The Mattson, Jr. et al. patent discloses branch prediction system in which a program of instructions are first traced during execution so the branching behavior of the instructions can be determined. (See, e.g., "The present invention first profiles branch instructions within a trace to record branching behavior." Abstract). The branch instructions detected in the trace are divided into two groups. A first group consists of branch instructions having "strong" branching behavior in which the same branch was taken at least 80% of the time. A second group consists of branch instructions having "weak" branching behavior in which the same branch was taken less than 60% of the time. [Abstract]. "Branch instructions that are profiled to have 'strong' branching behavior...are placed in the group of branch instructions that are statically predicted. Branch instructions that are provided to have 'weak' branching behavior...are placed in the group of branch instructions that are dynamically predicted." [Abstract]. The two different groups of branch instructions are therefore processed using different algorithms.

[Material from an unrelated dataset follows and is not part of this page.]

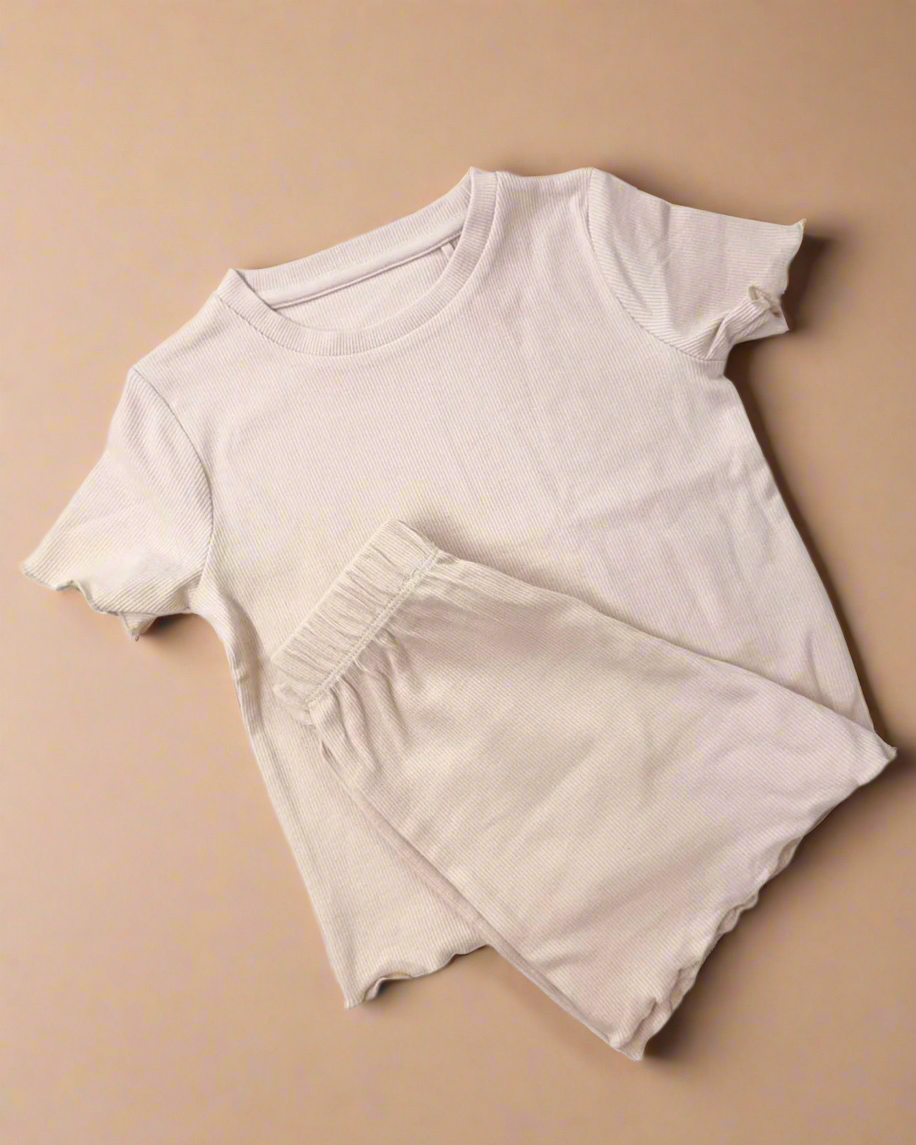 Nude Ribbed T-shirt & Shorts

Unfortunately, the two different groups of branch instructions are referred to in the Mattson, Jr. et al. patent as being placed in two different "caches," namely a "static code

cache" and a "dynamic code cache." However, the use of the term "cache" in this manner has nothing to do with a caching system as described by applicant. In fact, as will be demonstrated below, both the "static code cache" and the "dynamic code cache" are stored in main memory, albeit in different pages of the main memory, and they have prediction flags set to different values. The Mattson, Jr. et al. patent does not describe or suggest storing any part of either the "static code cache" or the "dynamic code cache" in a cache memory. Neither does the Mattson, Jr. et al. patent describe or suggest storing some of the branch instructions in cache and others of the branch instructions in main memory. Instead, all branch instructions are either in the "static code cache" or the "dynamic code cache."

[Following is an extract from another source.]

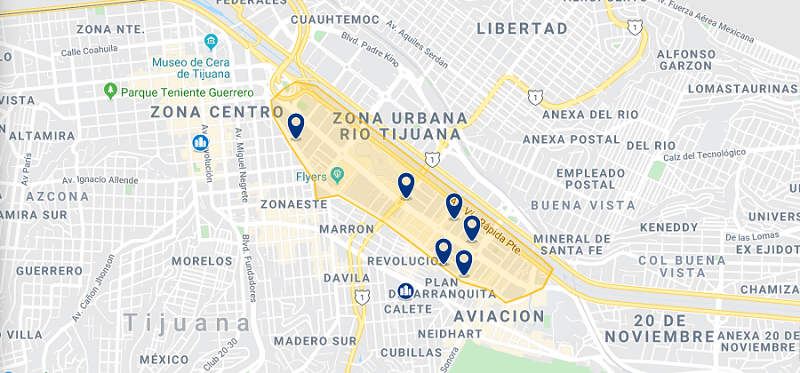 Map of the best region to stay in Tijuana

The fact that the "static code cache" and the "dynamic code cache" are simply different pages in main memory is apparent from the teachings in a number of locations in the Mattson, Jr. et al. patent. For example, the cover which is a copy of Figure 5, shows the static code cache 38 and the dynamic code cache 40 as being separate "physical memory pages." As the Examiner may be aware, the term "pages" is typically used to refer to different rows or other contiguous locations of main memory. Similarly, the Mattson, Jr. et al. patent states between line 55 of column 5 and line 3 of column 8:

Prediction strategy flags 42 and 44 represent the branch prediction flags associated with the memory pages that comprise static code cache 38 and dynamic code cache 40, respectively. As shown in FIG. 2, certain prior art computer systems manufactured by the Hewlett-Packard Company include a branch prediction strategy flag in each translation lookaside buffer (TLB). The branch prediction strategy flag in each TLB determines the branch prediction strategy of branch instructions residing in the physical memory pages associated with the TLB. Accordingly, in such a computer system, all the branch prediction strategy flags in all the TLBs associated with the physical memory pages that comprise static code cache 38 are set to "static", and all branch prediction strategy flags in all the TLBs associated with the physical memory pages that comprise dynamic code cache 40 are set to "dynamic".

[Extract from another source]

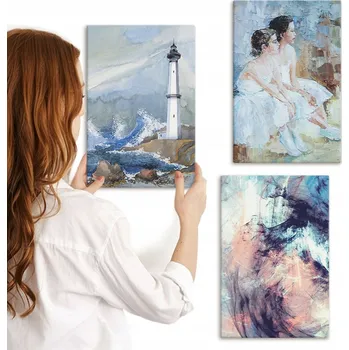 Obraz Sada obrazů na plátně Maják, abstrakce, tanečnice 3x 20x30 cm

What is described in this excerpt is simply storing the strong and weak branch instructions in different pages of main memory (*i.e.*, "physical memory"), which are identified by prediction flags set to "static" or "dynamic," respectively, in translation lookaside buffers associated with the different pages of main memory. While the patent does not specifically state that the "physical memory" is main memory, neither does the patent state that the "physical memory" is a cache memory as that term is used by applicant. As the Examiner is undoubtedly aware, a patent is a reference only for what it clearly teaches. It is not a reference for what it might teach if it were not ambiguous. Furthermore, it is apparent from the context in which the physical memory is described in the Mattson, Jr. *et al.* patent that the physical memory is, in fact, main memory rather than cache memory as that term is used by applicant. For example, if the physical memory was cache memory rather than main memory, then there would be some determination made as to which instructions were cached and which instructions were stored in main memory.

The patent to Mattson, Jr. et al. has been cited in combination with the patent to Morrison, et al. The Morrison et al. patent describes a technique for more efficiently executing branched instructions in a parallel computer system by re-ordering the instructions. The Morrison et al. patent teaches analyzing the instructions in a program during compilation based on the manner in which the instruction uses resources, such as whether instructions are independent and can thus be executed in parallel. Each instruction is then assigned an execution time at step 130, i.e., the amount of time required to execute the instruction. This execution time is referred to as the "instruction firing time" or "IFT." The instruction is also assigned other data at step 130 such as the identity of one of several processors that will execute the instruction. Finally, execution sets are built at step 140 by a re-ordering of the instructions based upon the instruction firing time, the identity of the processor executing the instruction, etc. Therefore, the patent to Morrison, et al. does not supply the teachings that are missing from the teachings of the Morrison et al. patent.

The remaining references cited in the Office Action likewise fail to suggest the teachings of applicant's disclosed method and system that are missing from the teachings of the Mattson, Jr. et al. patent and the teachings of the Morrison et al. patent.

Turning, now, to the claims, claim 1, which has been rejected as being obvious over the Mattson, Jr. et al. patent in view of the Morrison et al. patent, specifies a computer system having cache circuitry, a main memory and a processor controlled by a computer program. Both the cache memory and the main memory store information related to a computer program. The processor directs selected portions of the information to the cache circuitry "based at least in part on cacheability determinations made during compilation of the computer program." As explained above, neither the Mattson, Jr. et al. patent nor the Morrison et al. patent describe storing information related to a computer program in main memory and then making cacheability determinations about that information to direct selected portions of the information to the cache circuitry. Claim 1 is thus clearly patentable over the cited references.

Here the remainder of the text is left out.